Besides flood protection, Hart said his top infrastructure goal for the year is First and First West, eight acres of land that for years were reserved for a casino. The casino plans were rejected in 2014 and again in 2017.
Hart wants to “make sure we get the right development on that site.”
The city held an open house last November to get input on what residents want to see on that land. A request for proposals was issued in December 2019 and the city council is expected to choose their preferred proposal this spring.
During last year’s address, Hart announced the return of the city’s traffic cameras. Flash forward a year, and the traffic cameras have been on for seven months. (The city started using the cameras again in July.)
During this year’s address, Hart said the number of violations caught by the traffic cameras is decreasing “because people are learning to slow down.”
Data from July to December shows a drop in citations every month. In total, the traffic cameras generated 122,620 citations during those six months, and the city collected $3.1 million in fines for speeding or red light violations.
Regarding how the revenue is being used, Hart said, “We added 10 new police officers this year to proactively address neighborhood concerns and community policing issues.”
“We’re committed to using those funds for police and other public safety initiatives that support the well-being and safety of our community.”
This year will also see the kick off of a new volunteer program that is “very near and dear” to Hart — the Municipal Volunteer Program (MVP). The program will reportedly include volunteer opportunities with Animal Care and Control, CleanUpCR and the Cedar Rapids Public Library, among other organizations.
“My vision for the program is to create a system to enhance volunteerism in the community and support ongoing efforts,” Hart said, adding that more details about the program will be available in the spring.
Come summer, the city’s parks and recreation department will introduce a Rolling Rec Mobile in an effort to encourage fitness, reading and recreation activities among kids and adults.

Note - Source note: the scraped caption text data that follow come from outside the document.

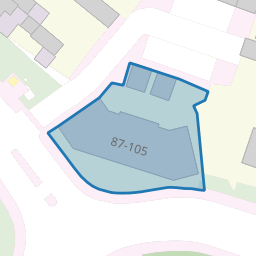 Perceel ZPN00-F-10700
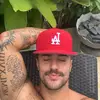 jack_ryan556 - @jack_ryan556 - TikTok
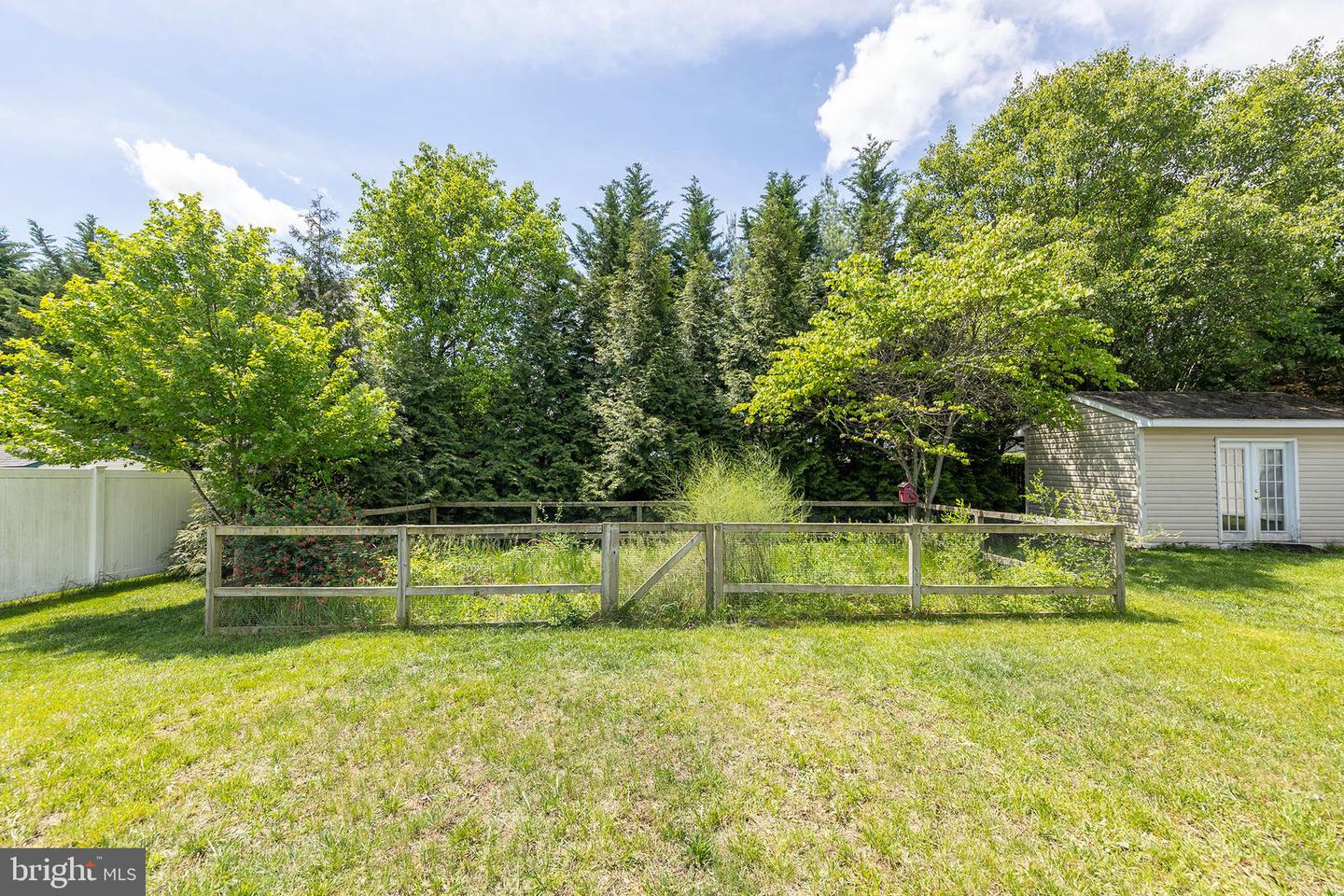 1232 MACEDONIA CHURCH RD, STEPHENS CITY, Virginia 22655, 4 Bedrooms Bedrooms, ,3 BathroomsBathrooms,Residential,For sale,1232 MACEDONIA CHURCH RD,VAFV2033840 MLS # VAFV2033840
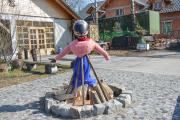 Oficjalne rozpoczecie sezonu motocyklowego 2018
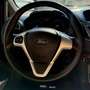 Ford Fiesta 5p 1.4 tdci Titanium Blu/Azzurro - thumbnail 7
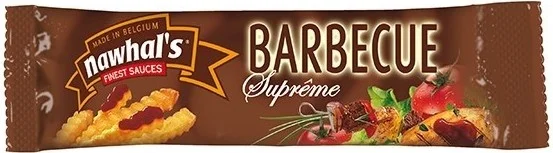 Nawhal's stick BBQ x200_16_P160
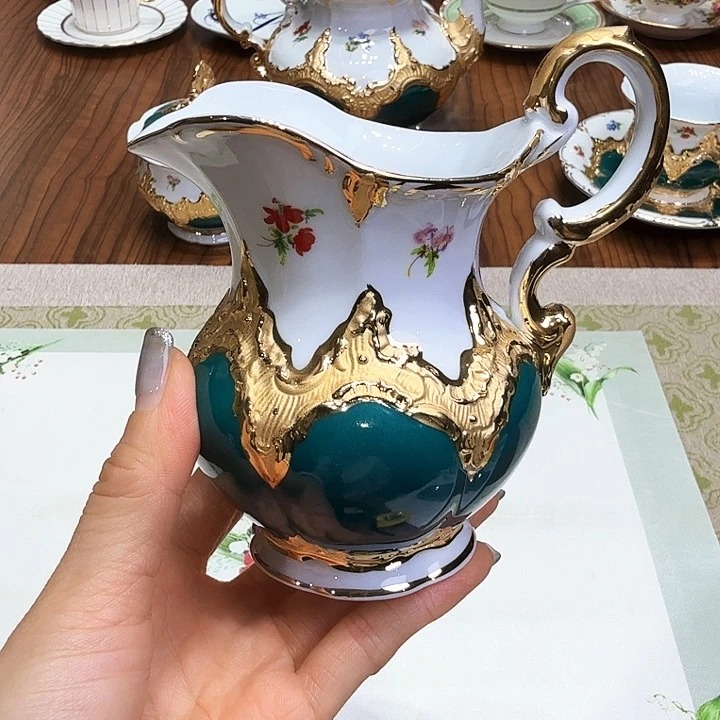 瓷片杯子杯子杯子水杯杯子水杯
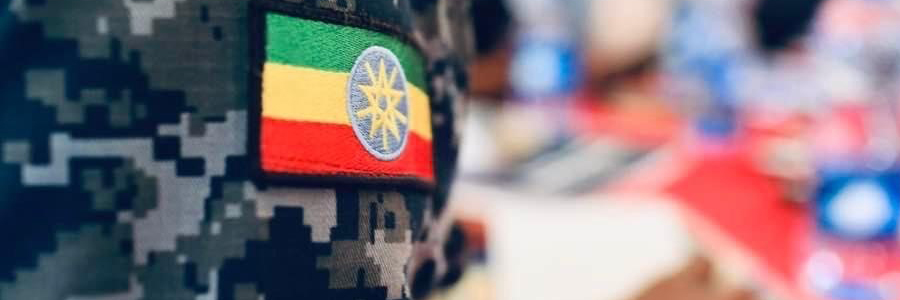 ethiopia-tab-banner.jpg 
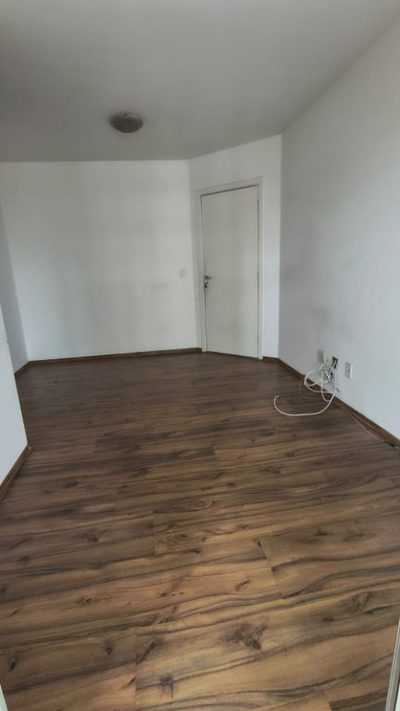 Apartamento, 3 quartos, 66 m² - Foto 4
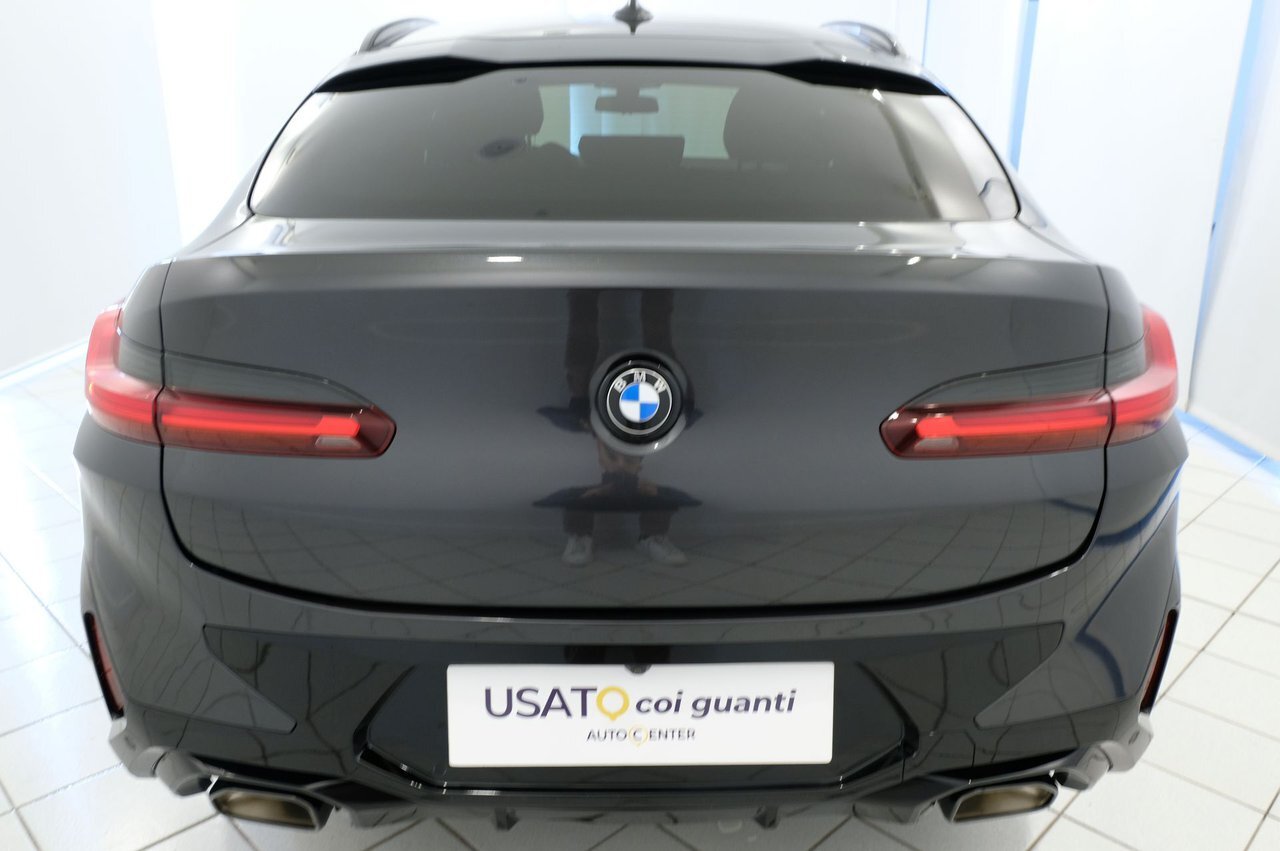 10711250 cn B55y U Sfyronpry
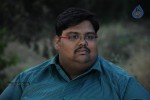 Navvula Sandadi Movie Stills - 30 of 48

The van will be full of sports equipment, games, art activities and books, Hart said.
“It will have scheduled times at different parks in the morning, afternoon and evening Monday through Friday all summer long,” Hart said. “Activities will be led by staff with a goal to keep kids active, reading and building connections in the neighborhood.”
Hart also announced the city will extend bus service into the evening “to help make the community more accessible.” As part of the city’s fiscal 2021 budget, which is on track to be adopted in March and go into effect in July, the city plans to invest $904,000 to have the buses run until about 8:30 p.m., the Gazette reported earlier this month.
The Student Sponsored Fare program will continue year round, “so students can ride buses for free during the summer months,” Hart said. The program allows students to ride the bus at no cost and is in partnership with the Cedar Rapids Community School District, Kirkwood Community College and Coe College.
Since the program launched, student rides increased by 46 percent from 88,675 to 129,660, Hart said.
Hart wrapped up his remarks by thanking the city team and his fellow councilmembers, expressing how he’s thankful the council is nonpartisan.
“In this presidential election year, I am constantly reminded how lucky we are to serve on a nonpartisan basis, where we make decisions based on what is right for Cedar Rapids, not what someone in Des Moines or D.C. wants us to do. That’s important to me.”
“The vision of Cedar Rapids as a vibrant, diverse, prosperous, kind and generous city is already becoming a reality.”